*** Opening of DATASET CONTENT ***
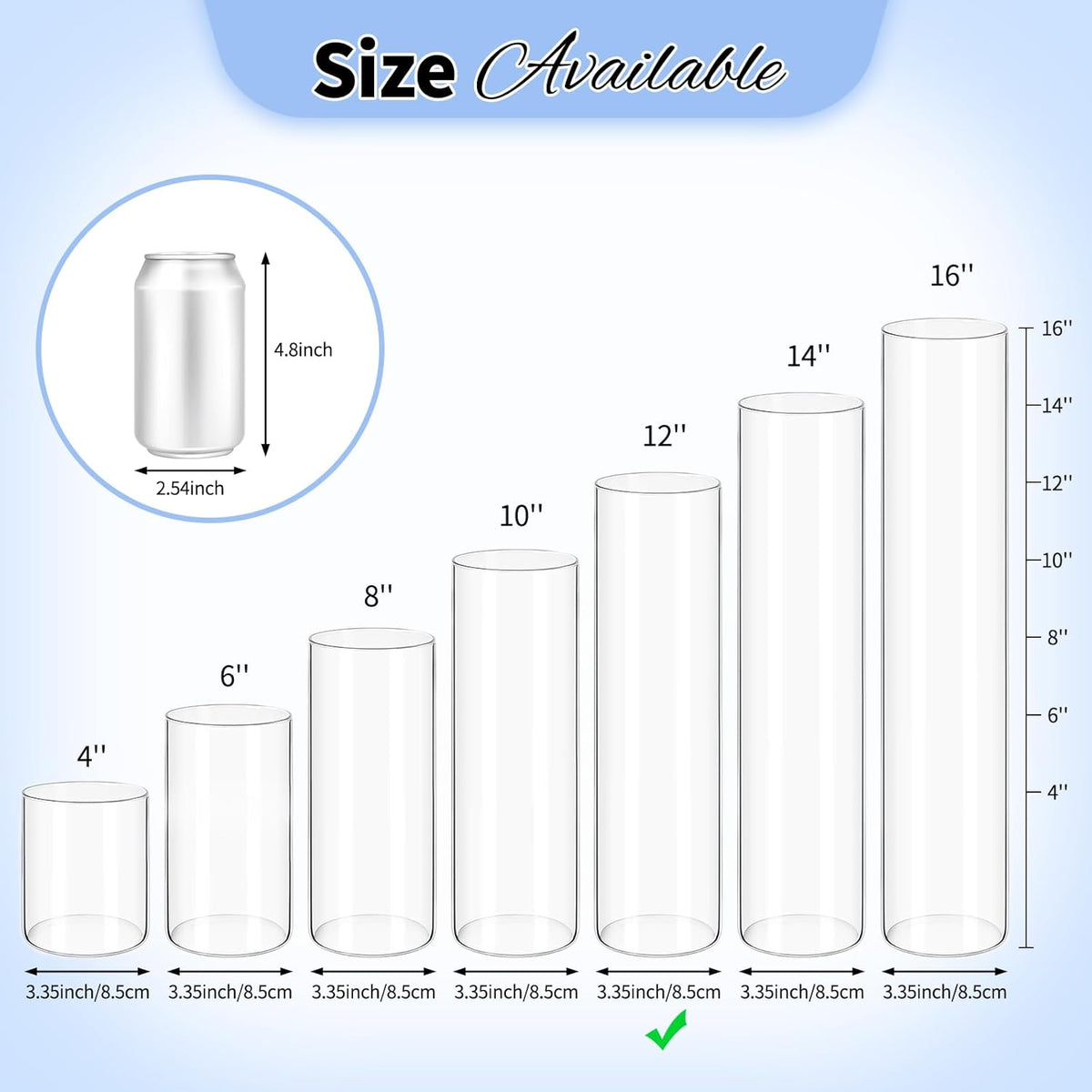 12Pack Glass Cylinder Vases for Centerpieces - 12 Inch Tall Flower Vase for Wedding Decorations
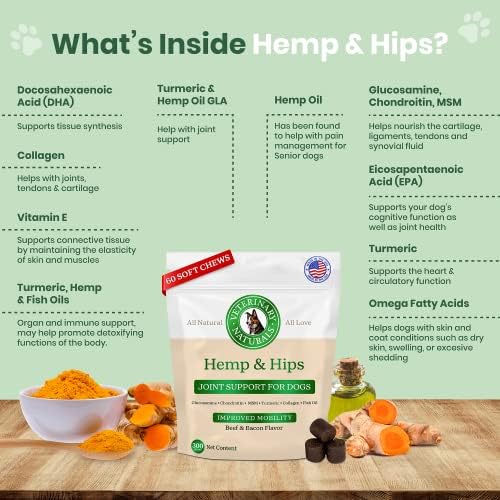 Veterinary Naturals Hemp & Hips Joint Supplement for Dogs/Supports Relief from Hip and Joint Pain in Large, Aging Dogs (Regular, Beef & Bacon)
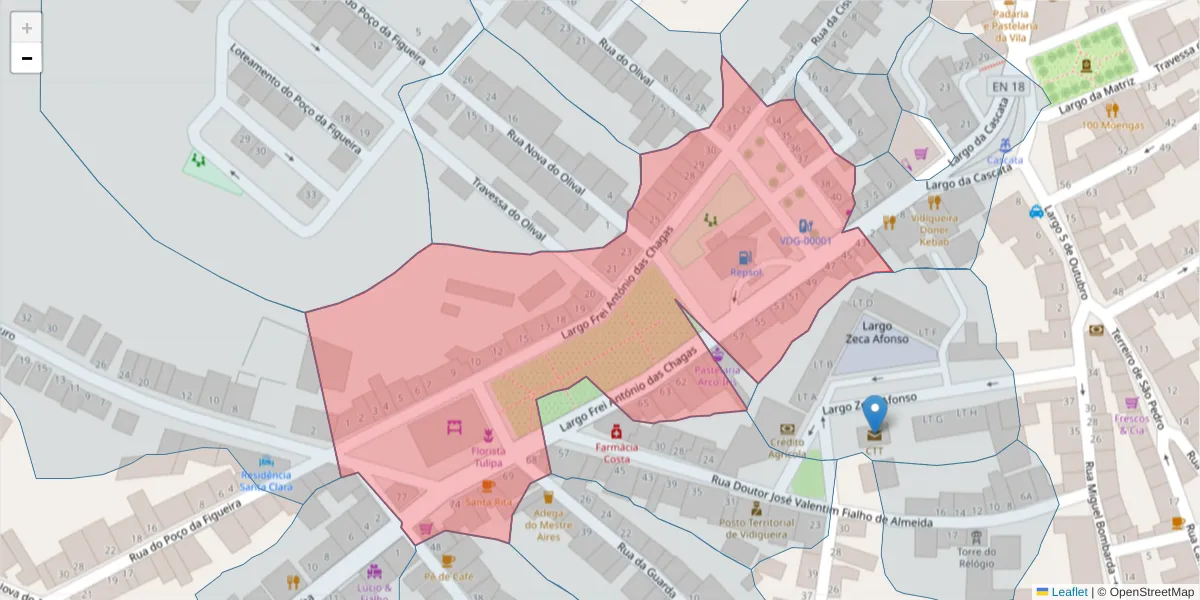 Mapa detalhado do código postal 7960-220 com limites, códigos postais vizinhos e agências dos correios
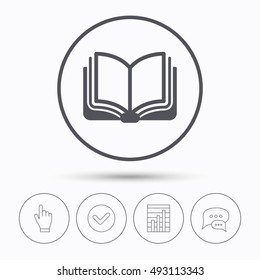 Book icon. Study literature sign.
*** Close of DATASET CONTENT ***
*** Opening of DATASET CONTENT ***
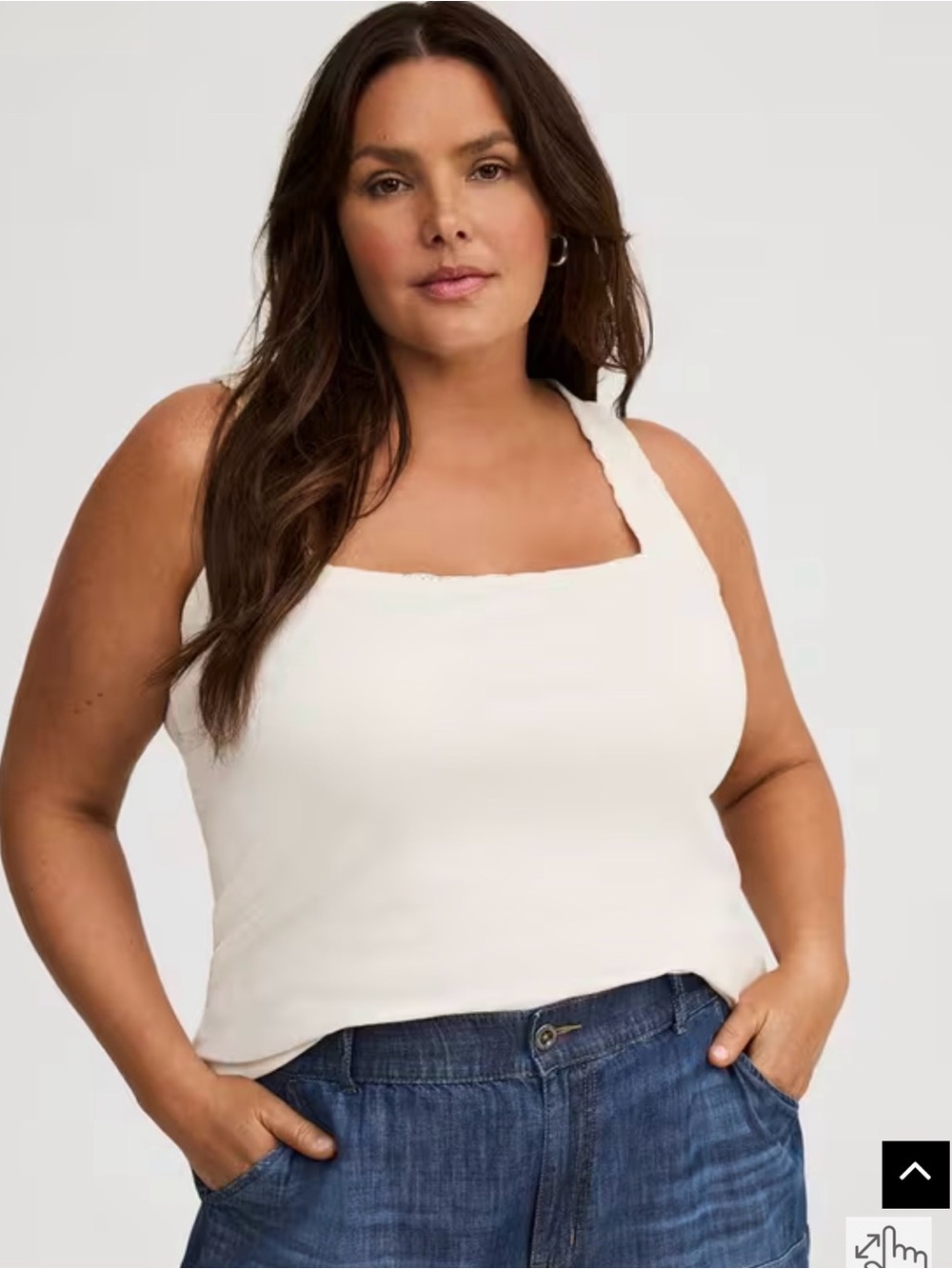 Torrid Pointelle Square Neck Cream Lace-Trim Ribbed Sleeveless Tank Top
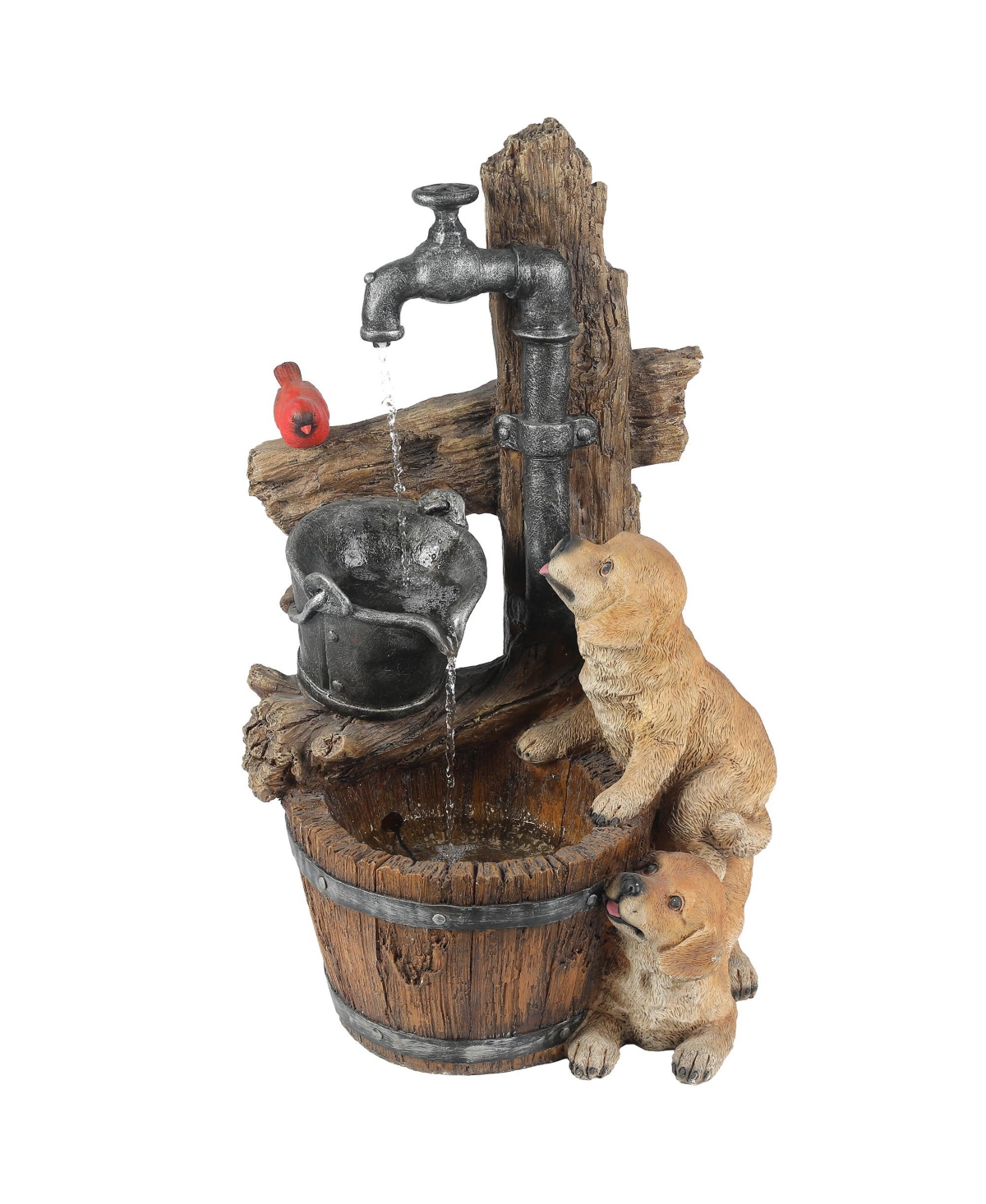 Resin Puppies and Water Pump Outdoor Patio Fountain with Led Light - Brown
*** Close of DATASET CONTENT ***
*WHAT TO WORK ON*
Starting at the line above that has "Veterinary Naturals Hemp" and ending at the line that has "Book icon. Study literature sign.", copy each line exactly, leaving the pictures out and adding nothing.

*RESULT*
 Veterinary Naturals Hemp & Hips Joint Supplement for Dogs/Supports Relief from Hip and Joint Pain in Large, Aging Dogs (Regular, Beef & Bacon)
 Mapa detalhado do código postal 7960-220 com limites, códigos postais vizinhos e agências dos correios
 Book icon. Study literature sign.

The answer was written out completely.